UOKiK postanowił zająć się sprawą, regularnie sprawdza, czy oznakowanie owoców i warzyw jest zgodne z krajem pochodzenia. Inspekcja Handlowa przeprowadziła kontrole w 96 sklepach należących do 18 największych sieci handlowych. Okazało się, że oznakowanie warzyw i owoców niekoniecznie jest zgodne z rzeczywistością.
„Informacja o kraju pochodzenia jest istotna dla wielu konsumentów, często wpływa na decyzję o zakupie i nie powinna wprowadzać w błąd. Do UOKiK docierały liczne sygnały o nieprawidłowościach w tym zakresie, dlatego zleciłem Inspekcji Handlowej przeprowadzenie kontroli” – powiedział prezes UOKiK Marek Niechciał.
UOKiK jednoznacznie stwierdził, że błędnie podana informacja odnośnie kraju pochodzenia lub jej brak dezorientuje klientów. Sam fakt, że towar pochodzi z Polski, przyciąga uwagę konsumentów – podkreśla wiceprezes UOKiK Tomasz Chróstny, czytamy w komunikacie na stronie urzędu.

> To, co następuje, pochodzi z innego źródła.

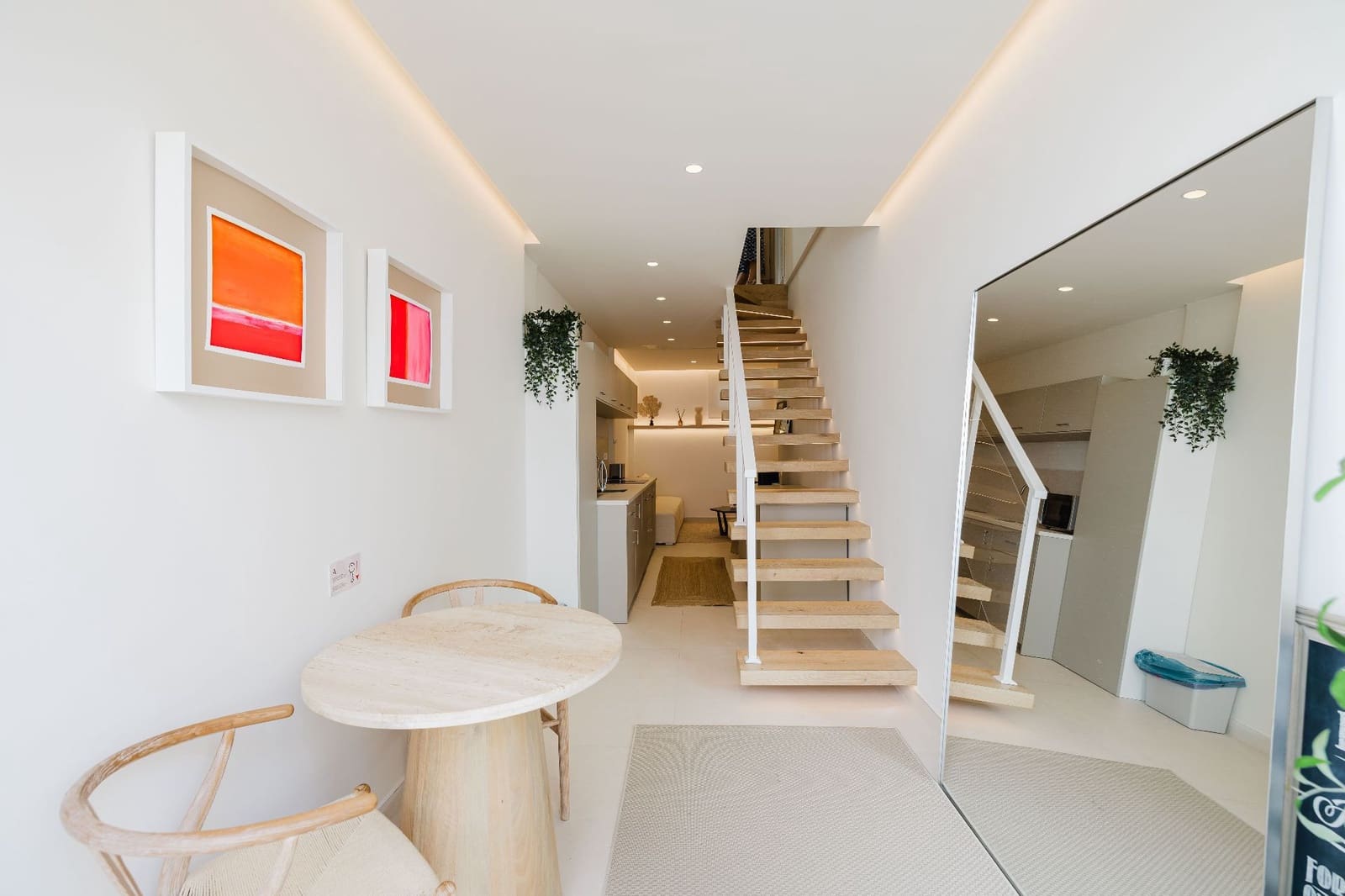 2 soveværelse Villa til salg i Estepona - € 399.000 (Ref: 10040315)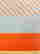 item-128970580=5
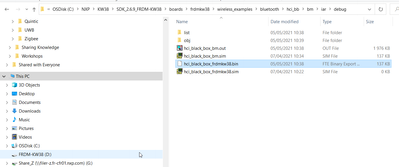 christophe_menard_1-1620204656478.png christophe_menard_1-1620204656478.png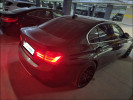 BMW 3 серия 2015 года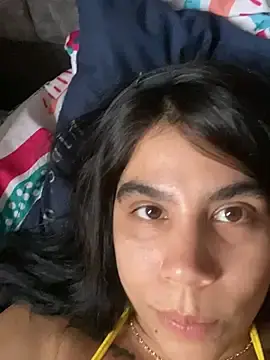 Stripchat Watch Live Sex Cams of Cuteandhornyy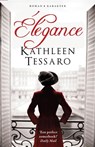 Elegance - Kathleen Tessaro - 9789045207667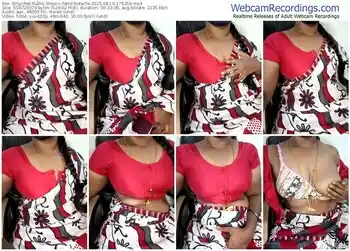 stripchat-tamil-hotwife-08-10-2025-17-53-59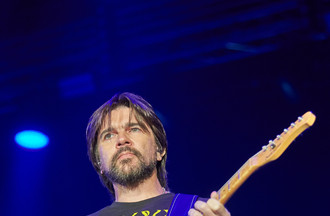 Juanes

„Sprzedawcy i dostawcy mniej lub bardziej świadomie wykorzystują ten fakt, przypisując polskie pochodzenie zagranicznym warzywom i owocom. Musimy walczyć z takimi praktykami, żeby konsument zawsze wiedział, co i skąd kupuje. Dlatego kontrole Inspekcji Handlowej są bardzo ważne – podkreślił Chróstny.
Poinformowano, że nieprawidłowości wykryto w 31 marketach (32,3%) m.in.: Aldi, Auchan, Biedronka, Dino, Hipermarket Bi1, Intermarché, Kaufland, Lewiatan, Lidl, Netto, Polo Market, Stokrotka i Tesco. Podkreślono, że 118 partii warzyw i owoców (10,2%, kontrola objęła 1162 partie) było błędnie oznakowanych krajem pochodzenia. Do grona podszywających się pod polskie warzyw dołączył czosnek z Egiptu, etykieta twierdziła, że pochodzi z Polski, ale faktura ujawniła, że przyjechał az z Egiptu. Z kolei rodzima cebula pochodziła z kilku krajów – Polski, Francji, Holandii i Słowacji.
Dodano, że kontrole będą kontynuowane.
Tymczasem rolnicy z AgroUnii opublikowali materiał wideo (patrz wyżej) z protestu w siedzibie UOKiK zarzucając instytucji, że zainteresowała się sprawą dopiero po nagłośnieniu jej w mediach. Wcześniejsze pisma z doniesieniami o nieprawidłowościach były zbywane lub ignorowane.